The English sole is a right-eyed flatfish with a compressed, diamond-shaped body and a small head with a pointed snout and small, asymmetric mouth. The upper surface is covered in rough scales and is usually uniformly brown, but occasionally speckled; the lower surface is smooth, and white to pale yellow in colour. The dorsal and ventral fin edges are dark. The lateral line is mostly straight, but curves slightly around the pectoral fin.

==Diet==

The diet of the English sole consists of zoobenthos organisms, primarily marine worms, molluscs, crustaceans and echinoderms. English sole feed by day, using both sight and smell, and often dig for food.

==Commercial fishing==

The English sole is an important commercial fish, and has been fished in the Eastern Pacific, almost exclusively by trawler, since 1876. Two fisheries exist: one on the West Coast of the United States, off Washington, Oregon and California, and one in the Bering Sea off Alaska. The majority of English sole landed is from the West Coast fishery.

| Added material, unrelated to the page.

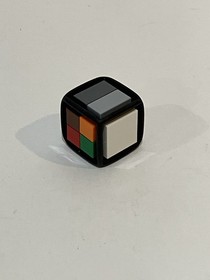 LEGO Games: Monster 4 (3837) 100% Complete with Instructions and Original Box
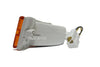 Mitsubishi Triton L200 Orange Lens Front Bumper Light (1986-1994)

Although biomass is increasing, catches have been steadily decreasing since the 1960s — though catches peaked in the southern area in 1929 with 3,976 tonnes landed, and in the north in 1949 at 4,008 tonnes. This decline is estimated to be due to a combination of market factors and management restrictions placed on fishing trawlers in order to protect other bottom-dwelling species. However, the level of exploitation of this species has been low since 1997 within the Bering Sea and Aleutian Islands region, while it has been low for approximately 30 years on the West Coast of the United States, and most take occurs as bycatch.